Ce paradoxe est générateur de situations de tensions relationnelles. De toute évidence, la réponse juridique à ces situations ne peut donner entière satisfaction. Il convient de chercher ailleurs, dans des formes plus implicatives, des modes de résolution qui, sans priver les personnes des voies de recours habituelles, leur permettent, avant, pendant ou après le conflit, d’exprimer leur propre recherche de solutions.
Outre leur obligation de respecter la loi, les entreprises du 21ème siècle sont confrontées à de nouveaux enjeux : Il s’agit de faire preuve d’agilité face à un environnement plus que jamais changeant, de démontrer sa responsabilité sociétale, d’observer des principes de gouvernance responsable et durable.
Les femmes et les hommes qui font l’entreprise ont un rôle essentiel à jouer pour faire face à ces défis. Les organisations ne peuvent faire l’impasse sur un instrument efficace de prise en compte de la dimension relationnelle de l’entreprise, en particulier la médiation professionnelle.
Les enjeux pour l’entreprise
Il existe deux approches de l’humain au travail. Il y a celle visant la soumission et celle visant la liberté de décision. La première consiste à s’en référer ou s’en remettre à un référentiel surplombant ; la seconde fait appel à la réflexion et à l’éthique. Cette dichotomie existe évidemment dans tous les domaines où s’exercent les activités humaines. Nous allons l’aborder dans le contexte qui nous intéresse ici, celui de l’entreprise. Avant d’aller plus loin, une question s’impose : Qu’est-ce qu’une entreprise ? Ou à tout le moins, qu’est-ce qu’une entreprise du point de vue de la dimension relationnelle ?
Aborder de façon rationnelle la définition de l’entreprise nous conduit à la représenter selon trois axes. Le premier, c’est ce qui fait l’entreprise. C’est la législation du travail, les statuts de l’organisation, ses règlements et procédures internes. Le second, c’est ce que fait l’entreprise. Ce sont ses produits, ses services, ses actions commerciales et sociétales. Le troisième axe, ce sont ceux qui font l’entreprise, c’est-à-dire les personnes qui la composent et qui agissent en son nom.

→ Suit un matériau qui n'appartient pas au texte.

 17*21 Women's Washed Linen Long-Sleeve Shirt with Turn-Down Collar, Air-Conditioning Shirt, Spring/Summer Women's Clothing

Nous garderons cependant à l’esprit que derrière ce qui fait l’entreprise et ce que fait l’entreprise, il y a aussi des personnes.
La survie en jeu
Les entreprises sont soumises à des changements permanents dans leurs trois dimensions : des évolutions juridiques ou réglementaires, de nouvelles techniques de production ou une évolution technologique, une réorganisation ou une fusion d’entreprises. Dans tous les cas, ce sont des personnes qui accompagnent ces changements par leur créativité, leur esprit d’analyse, leur désir de bien faire ou encore leur sentiment d’être partie prenante de la transformation. Quelquefois, aussi, c’est par leurs réticences, par la crainte de se trouver confrontés à des difficultés nouvelles, de rencontrer des limites à leur compétence ou à leur capacité d’adaptation que ces changements sont vécus.
Les enjeux sont importants. Il y va de la bonne marche de l’organisation, parfois même de sa survie. L’ingénierie relationnelle concerne tous les acteurs de l’entreprise, les dirigeants comme les managers ou les salariés dans la diversité de leur approche ou de leurs responsabilités. Elle concerne aussi les parties prenantes de l’organisation, tant que cette dernière exerce une responsabilité sociétale et environnementale au sein de la société dans son ensemble.